* **Work task**:
Starting at the line that contains "(PO) Nendoroid 2653", quote every line through the end of the entries, word for word, skipping the pictures.

Data excerpts
____________________

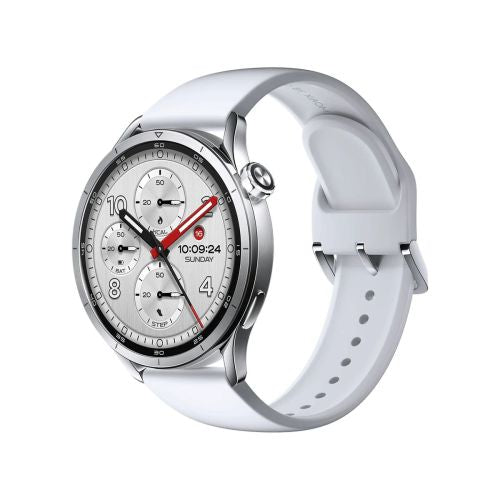 Xiaomi Watch S5 46mm Silver EU BHR08ISGL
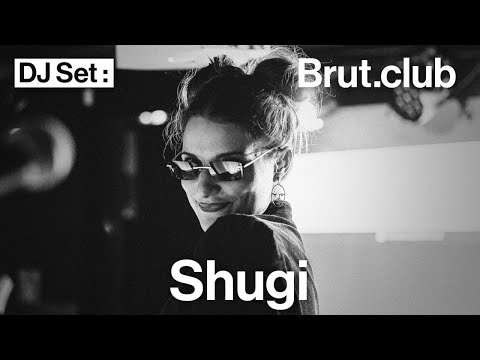 Brut.club : Shugi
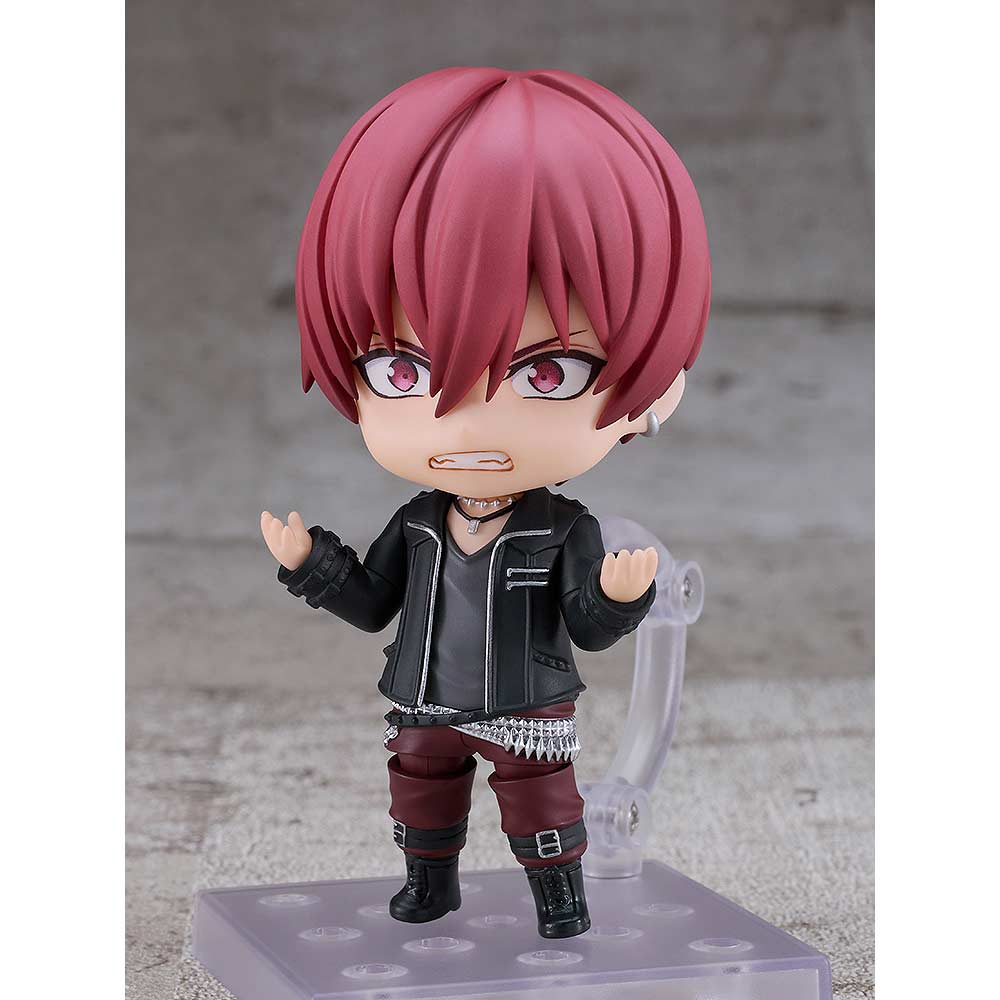 (PO) Nendoroid 2653 IDOLISH7 - Toma Inumaru Image_3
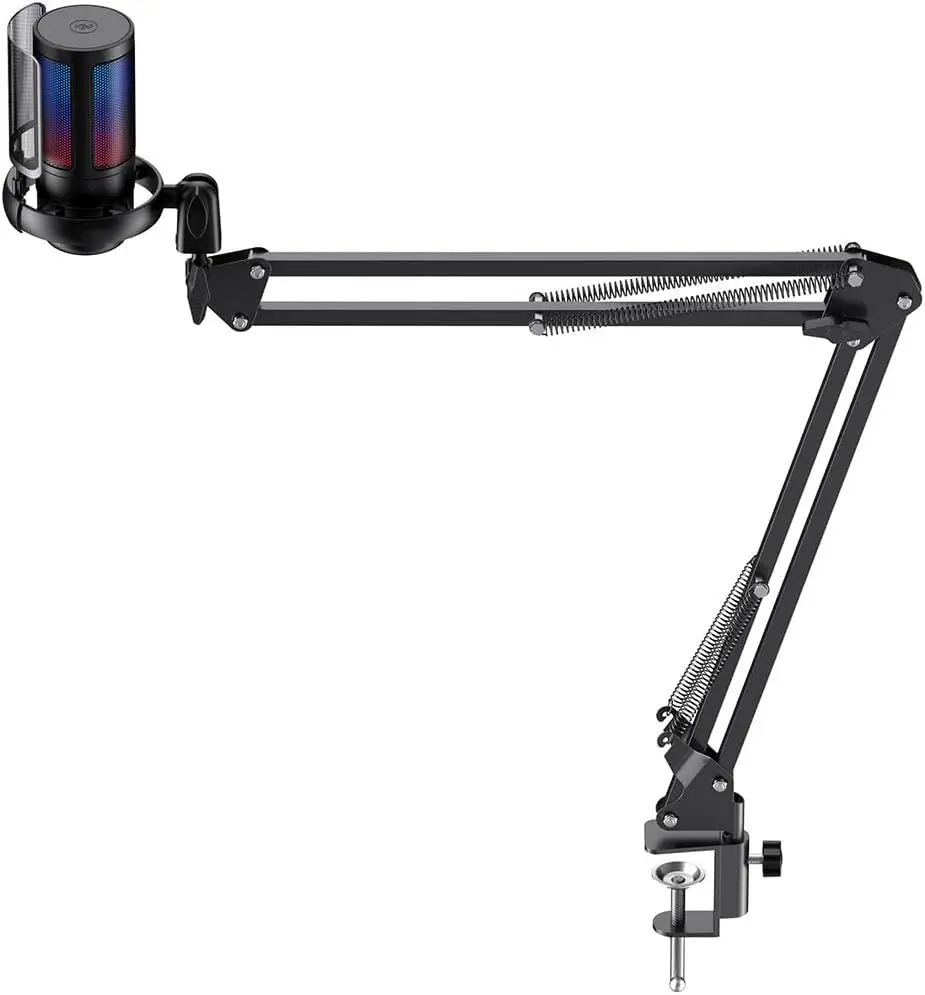 Microfon Havit GK50 Pro (Black)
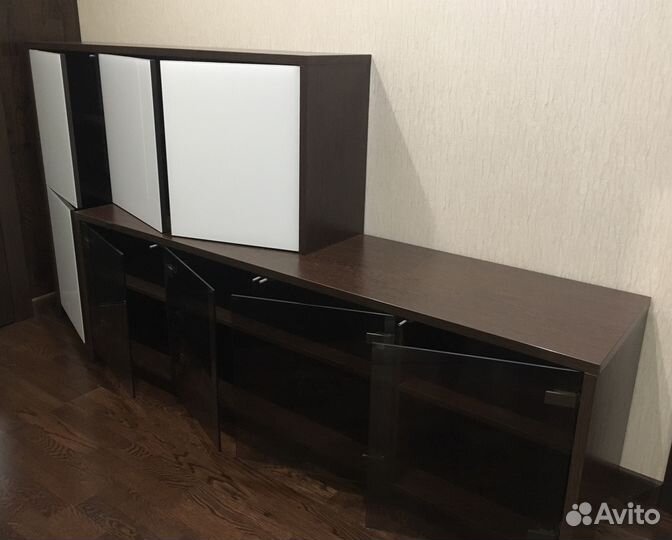 Тумба для аудио-видео техники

____________________

* **Exercise solution**:
 (PO) Nendoroid 2653 IDOLISH7 - Toma Inumaru Image_3
 Microfon Havit GK50 Pro (Black)
 Тумба для аудио-видео техники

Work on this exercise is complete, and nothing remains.